Tips RumahSimpel: lakukan pengujian sementara sebelum mengebor atau membeli perangkat tambahan. Masalah posisi sering bisa diselesaikan tanpa biaya besar.

4. Hitung kondisi rumah, bukan sekadar jumlah lantai

Rumah satu lantai yang memanjang dengan banyak dinding bisa lebih sulit untuk Wi-Fi daripada rumah dua lantai yang terbuka. Cek sinyal di setiap calon titik kamera. Kalau beberapa titik berada di luar jangkauan, Anda bisa memperbaiki jaringan atau memilih sistem kabel untuk area tersebut.

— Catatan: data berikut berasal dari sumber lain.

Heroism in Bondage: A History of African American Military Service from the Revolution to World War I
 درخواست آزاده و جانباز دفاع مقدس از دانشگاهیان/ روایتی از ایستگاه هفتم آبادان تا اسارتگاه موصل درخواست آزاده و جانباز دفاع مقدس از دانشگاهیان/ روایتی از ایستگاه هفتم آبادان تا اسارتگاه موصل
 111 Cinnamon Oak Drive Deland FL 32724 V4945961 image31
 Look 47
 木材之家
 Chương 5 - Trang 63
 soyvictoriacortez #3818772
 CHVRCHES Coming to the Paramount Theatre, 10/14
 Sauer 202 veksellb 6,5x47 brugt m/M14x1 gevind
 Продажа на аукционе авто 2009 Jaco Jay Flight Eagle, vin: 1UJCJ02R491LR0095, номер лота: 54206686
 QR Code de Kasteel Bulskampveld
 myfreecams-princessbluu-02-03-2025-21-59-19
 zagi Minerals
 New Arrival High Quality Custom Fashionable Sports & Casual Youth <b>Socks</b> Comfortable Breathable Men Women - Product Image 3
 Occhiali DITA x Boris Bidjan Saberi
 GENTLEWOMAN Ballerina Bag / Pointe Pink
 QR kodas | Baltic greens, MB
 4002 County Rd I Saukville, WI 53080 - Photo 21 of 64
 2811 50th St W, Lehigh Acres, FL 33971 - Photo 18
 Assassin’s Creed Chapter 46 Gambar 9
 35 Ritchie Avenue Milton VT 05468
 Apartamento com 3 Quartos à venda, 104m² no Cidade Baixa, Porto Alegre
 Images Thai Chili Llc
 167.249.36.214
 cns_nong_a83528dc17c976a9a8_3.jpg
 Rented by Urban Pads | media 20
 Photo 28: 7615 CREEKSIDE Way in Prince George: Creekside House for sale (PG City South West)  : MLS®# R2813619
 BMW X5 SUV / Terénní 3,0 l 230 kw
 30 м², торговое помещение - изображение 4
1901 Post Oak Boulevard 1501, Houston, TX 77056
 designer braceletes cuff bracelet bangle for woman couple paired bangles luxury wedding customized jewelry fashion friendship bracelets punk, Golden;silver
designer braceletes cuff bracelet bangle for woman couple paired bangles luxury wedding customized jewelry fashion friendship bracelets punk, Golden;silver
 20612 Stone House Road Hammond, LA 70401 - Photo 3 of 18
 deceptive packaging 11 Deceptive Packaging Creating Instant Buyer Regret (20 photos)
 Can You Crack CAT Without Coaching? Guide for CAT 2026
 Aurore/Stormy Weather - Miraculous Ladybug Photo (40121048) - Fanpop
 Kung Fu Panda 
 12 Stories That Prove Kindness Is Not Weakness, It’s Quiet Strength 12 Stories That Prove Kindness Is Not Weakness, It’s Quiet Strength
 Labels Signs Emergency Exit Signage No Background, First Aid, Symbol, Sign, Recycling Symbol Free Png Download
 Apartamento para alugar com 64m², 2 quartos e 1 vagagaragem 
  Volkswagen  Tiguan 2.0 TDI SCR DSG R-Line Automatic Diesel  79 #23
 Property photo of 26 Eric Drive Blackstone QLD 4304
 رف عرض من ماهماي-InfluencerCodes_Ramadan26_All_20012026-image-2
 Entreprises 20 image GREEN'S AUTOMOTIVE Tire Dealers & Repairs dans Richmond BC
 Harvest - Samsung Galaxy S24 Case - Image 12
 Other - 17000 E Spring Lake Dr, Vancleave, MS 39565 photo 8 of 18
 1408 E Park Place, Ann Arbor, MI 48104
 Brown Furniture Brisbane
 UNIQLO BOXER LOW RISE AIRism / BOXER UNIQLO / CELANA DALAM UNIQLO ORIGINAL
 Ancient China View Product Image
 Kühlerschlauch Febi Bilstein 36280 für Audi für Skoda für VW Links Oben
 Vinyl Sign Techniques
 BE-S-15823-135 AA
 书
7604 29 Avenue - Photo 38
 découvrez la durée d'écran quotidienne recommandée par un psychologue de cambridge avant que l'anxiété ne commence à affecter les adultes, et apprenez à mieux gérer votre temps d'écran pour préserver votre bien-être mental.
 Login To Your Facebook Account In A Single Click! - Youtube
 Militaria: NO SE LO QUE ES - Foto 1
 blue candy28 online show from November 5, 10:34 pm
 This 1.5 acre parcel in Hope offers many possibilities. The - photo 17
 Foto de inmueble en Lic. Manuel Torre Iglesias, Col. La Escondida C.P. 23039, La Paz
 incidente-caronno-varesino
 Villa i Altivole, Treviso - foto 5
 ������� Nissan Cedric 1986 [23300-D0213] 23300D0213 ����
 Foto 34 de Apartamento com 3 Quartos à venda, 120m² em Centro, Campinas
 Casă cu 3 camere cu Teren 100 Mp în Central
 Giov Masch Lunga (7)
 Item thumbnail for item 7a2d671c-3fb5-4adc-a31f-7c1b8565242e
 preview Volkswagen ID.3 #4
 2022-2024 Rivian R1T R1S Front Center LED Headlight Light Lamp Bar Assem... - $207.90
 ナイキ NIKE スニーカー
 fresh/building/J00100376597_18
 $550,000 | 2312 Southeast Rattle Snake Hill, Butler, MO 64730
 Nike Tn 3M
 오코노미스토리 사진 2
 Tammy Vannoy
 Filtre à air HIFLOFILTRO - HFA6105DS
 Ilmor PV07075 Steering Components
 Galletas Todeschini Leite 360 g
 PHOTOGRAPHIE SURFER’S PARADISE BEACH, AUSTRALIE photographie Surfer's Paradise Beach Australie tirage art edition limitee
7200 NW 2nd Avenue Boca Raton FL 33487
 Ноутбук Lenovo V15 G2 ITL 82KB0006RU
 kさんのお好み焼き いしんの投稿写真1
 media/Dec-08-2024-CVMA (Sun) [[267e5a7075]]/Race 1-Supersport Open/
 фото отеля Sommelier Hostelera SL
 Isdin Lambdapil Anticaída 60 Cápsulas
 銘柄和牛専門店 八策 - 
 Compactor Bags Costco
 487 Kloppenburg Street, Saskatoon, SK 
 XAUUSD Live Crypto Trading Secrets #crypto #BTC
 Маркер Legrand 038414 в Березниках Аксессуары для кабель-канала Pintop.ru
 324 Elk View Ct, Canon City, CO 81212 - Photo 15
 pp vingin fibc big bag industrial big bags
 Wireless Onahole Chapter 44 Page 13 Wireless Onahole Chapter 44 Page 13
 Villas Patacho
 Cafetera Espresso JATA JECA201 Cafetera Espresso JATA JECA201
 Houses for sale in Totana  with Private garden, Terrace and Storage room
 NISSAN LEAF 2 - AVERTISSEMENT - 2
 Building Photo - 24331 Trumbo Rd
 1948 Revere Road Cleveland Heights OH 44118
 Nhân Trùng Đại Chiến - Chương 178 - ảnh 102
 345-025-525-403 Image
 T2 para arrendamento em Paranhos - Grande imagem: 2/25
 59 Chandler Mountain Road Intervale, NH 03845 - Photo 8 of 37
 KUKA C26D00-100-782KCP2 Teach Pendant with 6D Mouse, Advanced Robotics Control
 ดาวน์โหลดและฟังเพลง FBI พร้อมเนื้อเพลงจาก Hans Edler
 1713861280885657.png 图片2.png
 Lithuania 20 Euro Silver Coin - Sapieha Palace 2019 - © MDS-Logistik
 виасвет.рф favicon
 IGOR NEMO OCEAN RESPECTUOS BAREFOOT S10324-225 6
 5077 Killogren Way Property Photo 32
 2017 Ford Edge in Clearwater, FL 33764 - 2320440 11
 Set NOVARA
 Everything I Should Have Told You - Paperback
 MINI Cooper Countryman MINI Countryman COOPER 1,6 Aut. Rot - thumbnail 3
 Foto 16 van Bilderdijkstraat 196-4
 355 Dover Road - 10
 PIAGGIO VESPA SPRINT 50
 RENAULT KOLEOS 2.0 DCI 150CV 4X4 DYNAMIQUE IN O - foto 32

Tidak ada larangan menggabungkan pendekatan sesuai kebutuhan.

4. Hitung kondisi rumah, bukan sekadar jumlah lantai

5. Pertimbangkan apa yang terjadi saat internet mati

Banyak kamera Wi-Fi tetap bisa merekam lokal ketika internet terputus selama perangkat dan media penyimpanannya tetap bekerja, tetapi akses jarak jauh tentu dapat terganggu. Karena perilaku setiap model berbeda, cek spesifikasi sebelum membeli. Jika rekaman keamanan sangat penting, pikirkan juga cadangan listrik untuk router, kamera, atau perangkat perekam.

6. Untuk siapa masing-masing pilihan cocok?

CCTV Wi-Fi cocok untuk pengguna yang ingin pemasangan cepat, jumlah kamera tidak terlalu banyak, dan jaringan rumah sudah bagus. CCTV kabel lebih cocok untuk sistem dengan banyak titik, kebutuhan rekaman panjang, atau area yang koneksi nirkabelnya sulit dibuat stabil. Untuk rumah sederhana, mulailah dari kebutuhan nyata, bukan dari sistem yang paling mahal.

6. Untuk siapa masing-masing pilihan cocok?
Kesimpulan: jangan mengejar perangkat paling mahal. Mulai dari kebutuhan rumah, posisi pemasangan, kondisi jaringan, dan kemudahan perawatan. Sistem yang sederhana tetapi dipasang dengan benar biasanya jauh lebih nyaman dipakai setiap hari.